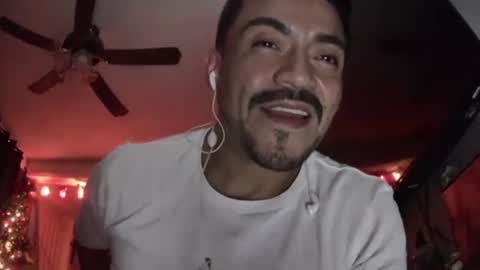 Snapshot of fernand89 chatting on 12.30.24 fernand89 online show from 12.30.24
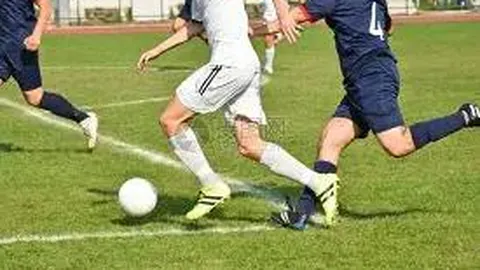 惊魂半场！纽卡斯尔与热刺0-0僵持，乔林顿击中门框，贝里瓦尔错失良机！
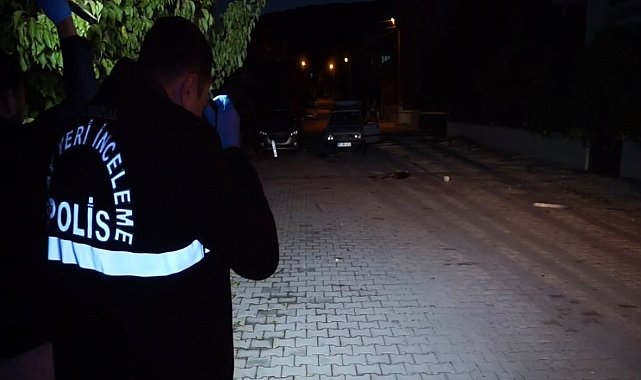 Burdur'da iki grup arasında kürekli kavga: 2 otomobil zarar gördü
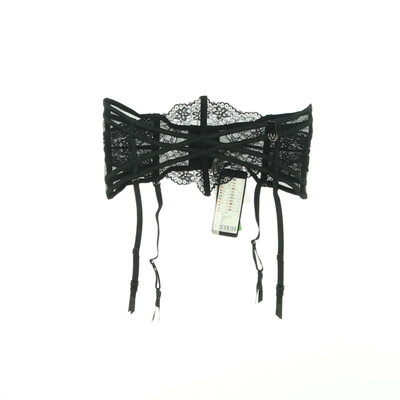 Censored fekete harisnyakötő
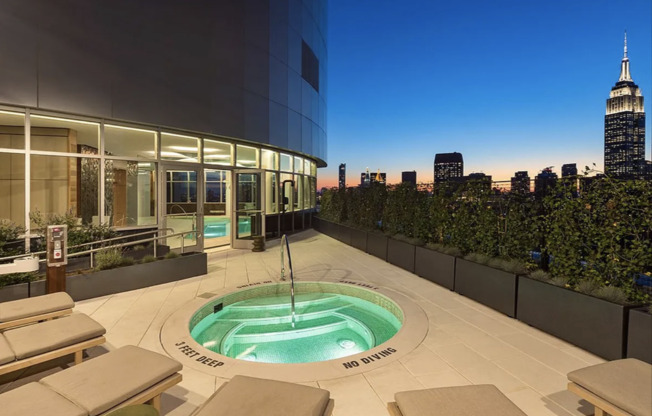 2 beds, 2 baths, $9,450, Unit 35J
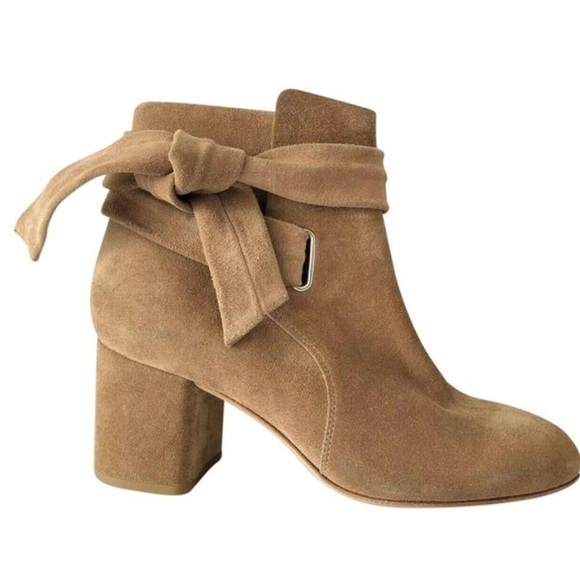 Rag & Bone
Dalia Suede Ankle-Tie Bootie - Picture 3 of 10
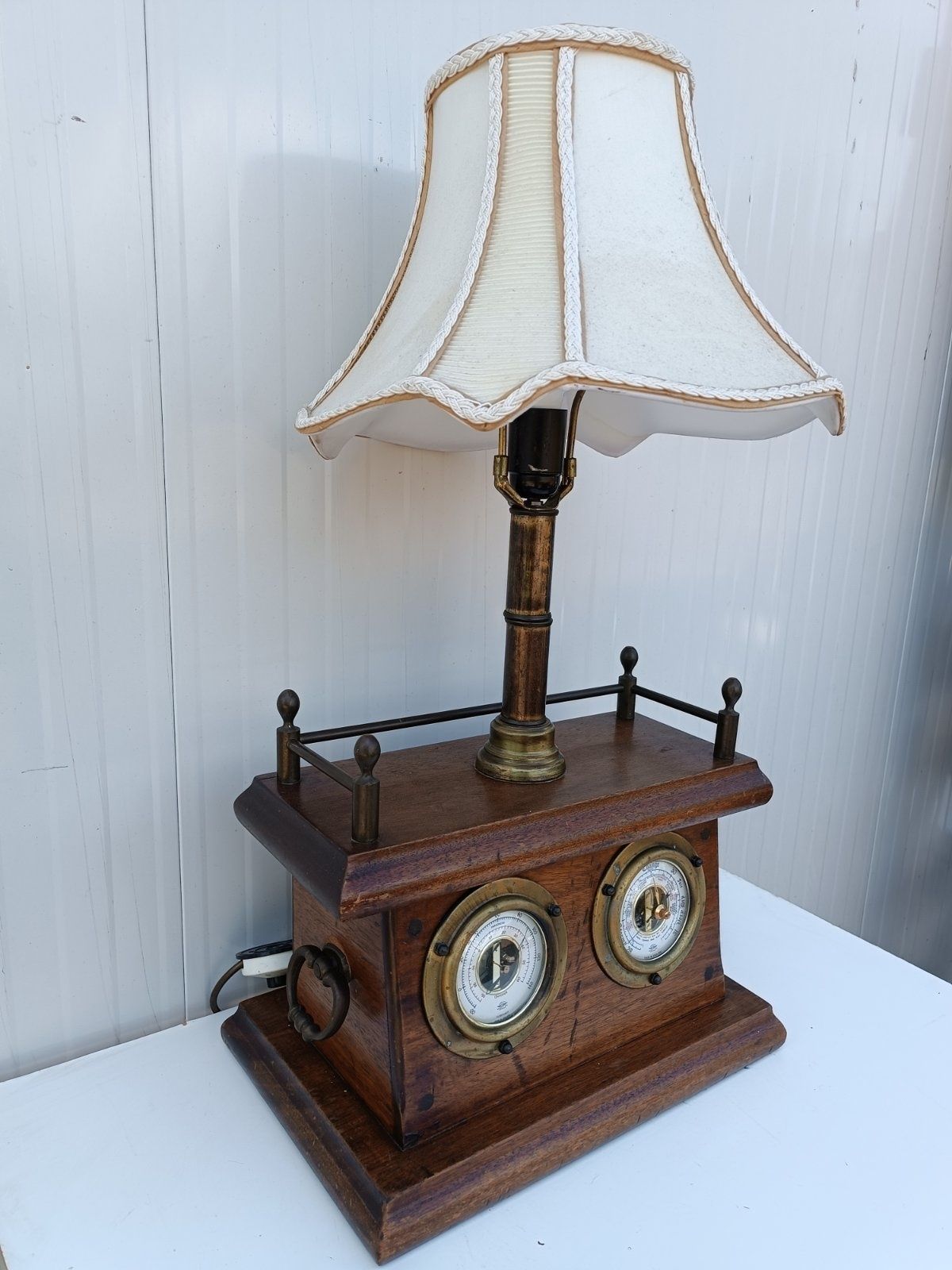 Уникалда настолна лампа с кутия с бронзови морски измервателни уреди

═══

### How to complete this task:
Which lines run from the one containing "Dalia Suede Ankle-Tie" through the last line of the entries above? Output them exactly, both ends included, with no pictures.

### Solution to this exercise:
Dalia Suede Ankle-Tie Bootie - Picture 3 of 10
 Уникалда настолна лампа с кутия с бронзови морски измервателни уреди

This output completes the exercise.